A recent democratic debate was held in Brooklyn, and there were numerous harsh exchanges between Hillary Clinton and Bernie Sanders.

It is clear how important the state of New York is to both campaigns, considering it could either secure Clinton’s success or provide Sanders with a fighting chance.

Both candidates were criticizing each other’s qualifications, policy positions and judgment. Sanders voiced his disapproval of many decisions Clinton made in the past to demonstrate poor judgment on her part.

“I question a judgment which voted for the war in Iraq, the worst foreign policy blunder in the history of this country, voted for virtually every disastrous trade agreement which cost us millions of decent-paying jobs,” Sanders said. “And, I question her judgment about running super PACs, which are collecting tens of millions of dollars from special interests, including $15 million from Wall Street.”

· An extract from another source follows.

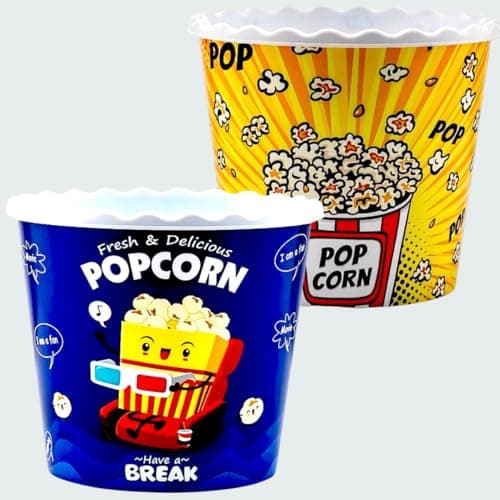 ONONEXPRESS Modern Style Reusable Plastic Popcorn Box/Popcorn Containers/Popcorn Bowls Set for Movie Theater Night - (BPA Free - 6 Pack - 75 oz) (Popcorn Mix A)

This criticism was later followed with a disagreement on the specifics of raising the minimum wage. Whereas Sanders supports an immediate raise to $15 throughout the United States, Clinton defended a more gradual approach that may end up with varying wages depending on the cost of living in particular cities and states.

“When this campaign began, I said that we got to end the starvation minimum wage of $7.25, raise it to $15,” Sanders said. “Secretary Clinton said let’s raise it to $12. There’s a difference. And, by the way, what has happened is history has outpaced Secretary Clinton because all over this country, people are standing up and they’re saying, ‘$12 is not good enough. We need $15 an hour.’”

Although it would be incredible to raise the minimum wage to $15, this is simply not a realistic proposition for every region of the country. Raising the minimum wage to $15 is a radical suggestion, and it will have a negative impact on small businesses.

The owners of mom-and-pop shops throughout the United States would struggle to come up with that kind of money for every employee, particularly entry-level positions. Not every business can afford to pay its dishwashers $15 an hour.

Clinton’s proposal is much more sensible because it takes into consideration the variation from city to city and state to state.

“We want to raise it higher than it ever has been,” Clinton said. “But, we also have to recognize some states and some cities will go higher, and I support that. I have taken my cue from the Democrats in the Senate, led by Senator Patty Murray and others, like my good friend Kirsten Gillibrand, who has said we will set a national level of $12 and then urge any place that can go above it to go above it.”

Throughout the debate, there were moments when Clinton and Sanders were yelling at each other and interrupting each other’s responses.

In fact, Wolf Blitzer, the CNN debate moderator, had to remind the candidates that if they kept yelling over each other, the viewers would not be able to hear either one of them.

Both candidates were eager to prove to the citizens of New York that they deserved their votes. The battle for New York has been a rowdy one, but it has provided both candidates with the opportunity to defend their record and earn some votes.

Ultimately, considering the hostilities on the debate stage, it is apparent that the election is heating up, and it seems that New York may have the final say in deciding who the Democratic nominee will be.